= Françoise Forges =

Belgian and French economist and game theorist

Françoise Forges (born 3 July 1958) is a Belgian and French economist known for her work in game theory. She is professor of economics at Paris Dauphine University.

==Education and career==
Forges was born on 3 July 1958 in Brussels, but is a French citizen. She studied mathematics at the Université catholique de Louvain, earning a licenciate in 1980 and completing her doctorate there in 1984, advised by Jean-François Mertens. She earned a habilitation at Paris 1 Panthéon-Sorbonne University in 1992.

She became a researcher for the Belgian National Fund for Scientific Research (FNRS) from 1981 until 1985. After postdoctoral research for the Mathematical Sciences Research Institute in Berkeley, California from 1985 to 1986, she returned to research at the FNRS and the Université catholique de Louvain until 1994, when she became a professor of economics at Cergy-Pontoise University in France.
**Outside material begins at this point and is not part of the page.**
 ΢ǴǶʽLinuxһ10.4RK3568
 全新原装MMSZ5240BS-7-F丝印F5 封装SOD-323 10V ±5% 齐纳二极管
In 2003 she moved to her position as a professor at Paris Dauphine University, where she was named as an "exceptional class" professor in 2006 and "second echelon" in 2009.

==Recognition==
Forges was named a junior member of the Institut Universitaire de France for 1997–2002, and a full member for 2011–2016. She has been a Fellow of the Econometric Society since 1997, and in 2020 was named as an international member of the American Academy of Arts and Sciences.

In 2009 she won the CNRS Silver Medal.